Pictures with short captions
=== Section Start ===

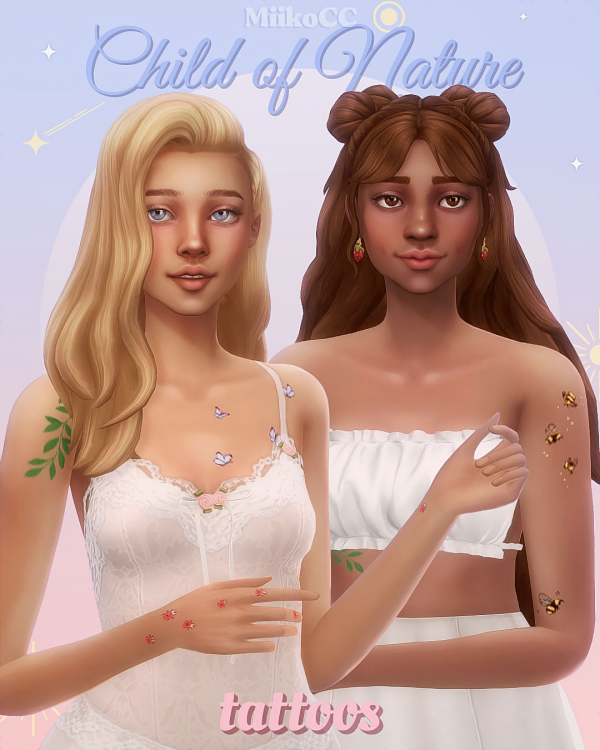 Mix Child of Nature Tattoos by simsfinds - The Sims 4 Custom Content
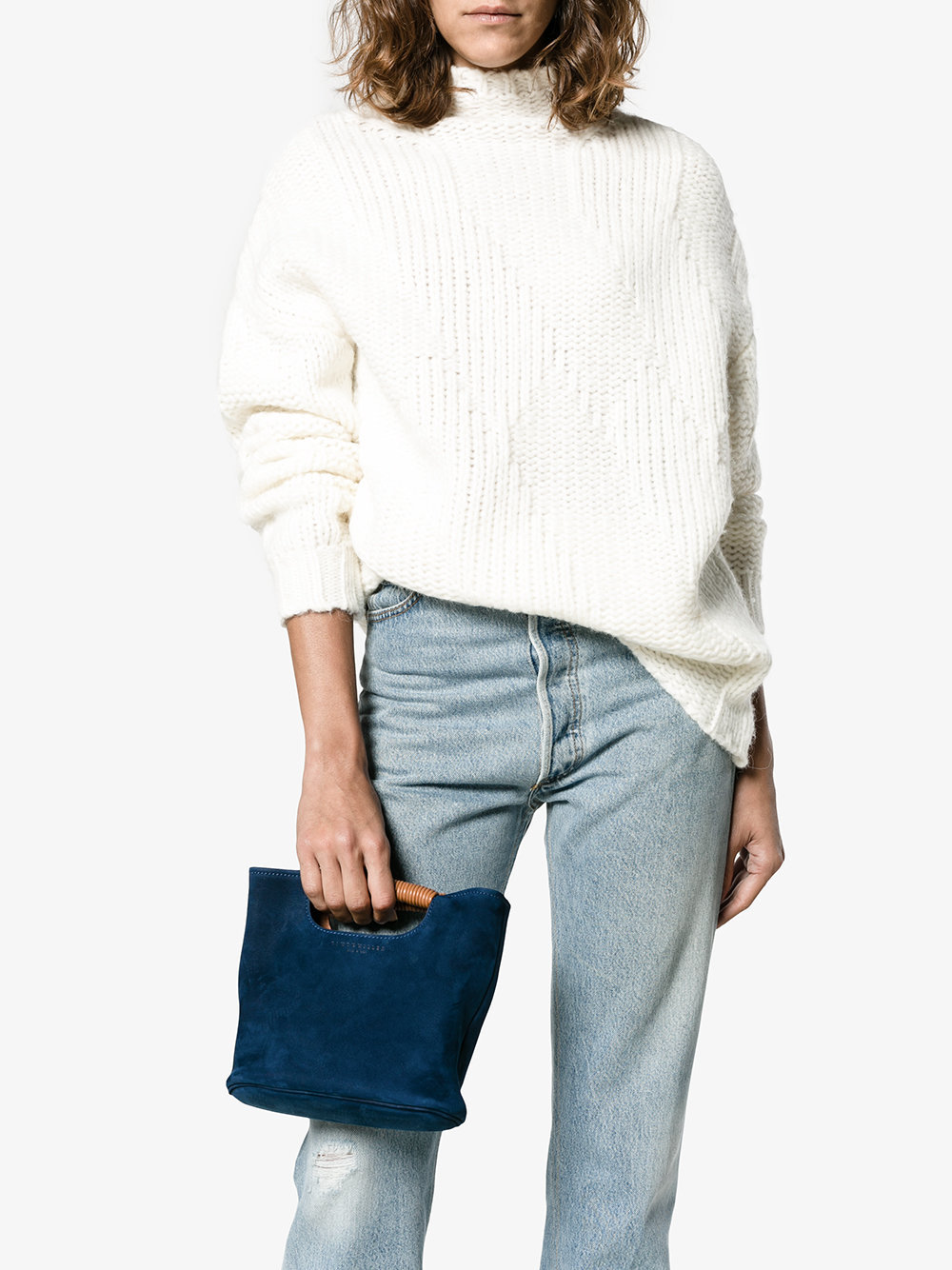 Simon Miller Navy Birch Mini Suede Tote Bag, $619 | farfetch.com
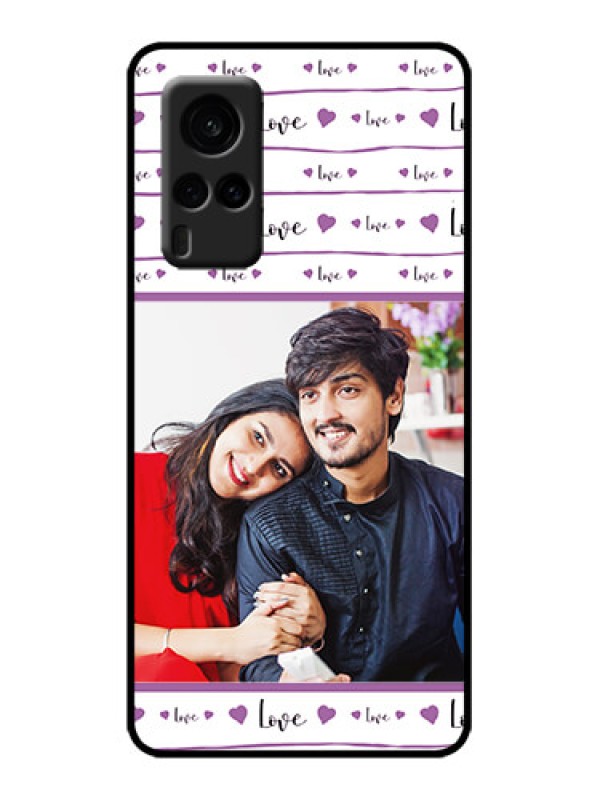 Custom Vivo X60 5G Custom Metal Phone Case - Couples Heart Design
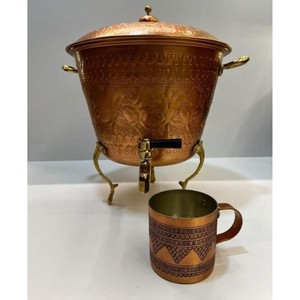 Distributeur d'eau vintage en cuivre avec couvercle, grande capacité, pour la maison, emballage individuel - Product Image 5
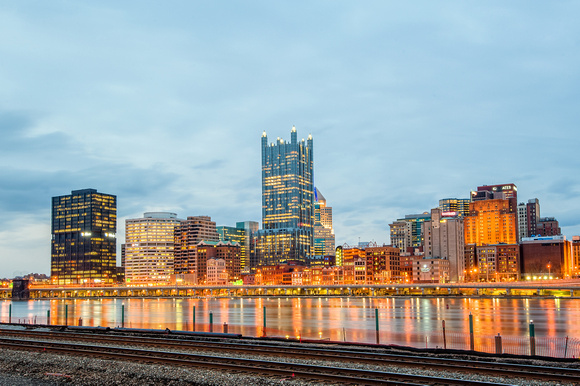 A view of the Pittsburgh skyline at dusk from Station Square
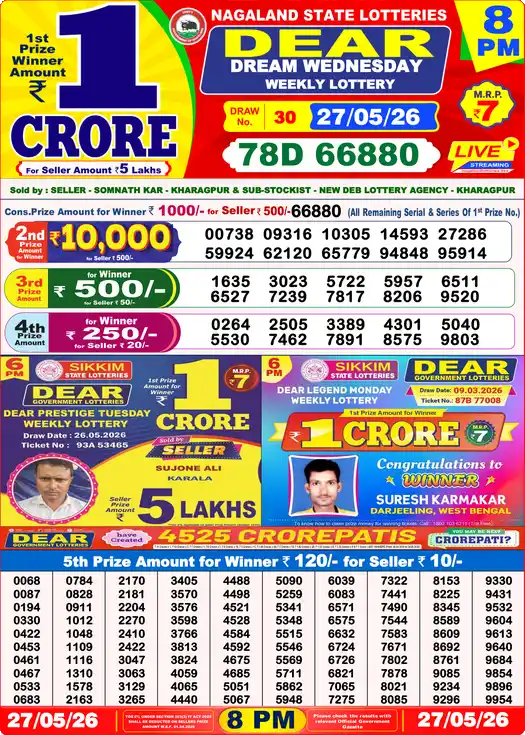 Dear Lottery Result Today 8 PM 27 May 2026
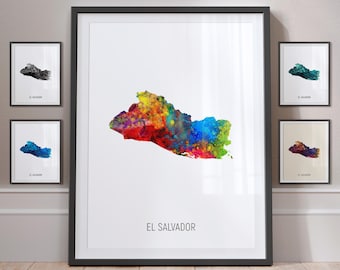Mapa de El Salvador, Póster con impresión artística de pintura a la acuarela, Retrato - MX (10823)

=== Section End ===

**Exercise directions**
Every line from the one containing "A view of the" to the final line of the records should be duplicated exactly; no picture is to be copied.

**Solution to this task**
 A view of the Pittsburgh skyline at dusk from Station Square
 Dear Lottery Result Today 8 PM 27 May 2026
Mapa de El Salvador, Póster con impresión artística de pintura a la acuarela, Retrato - MX (10823)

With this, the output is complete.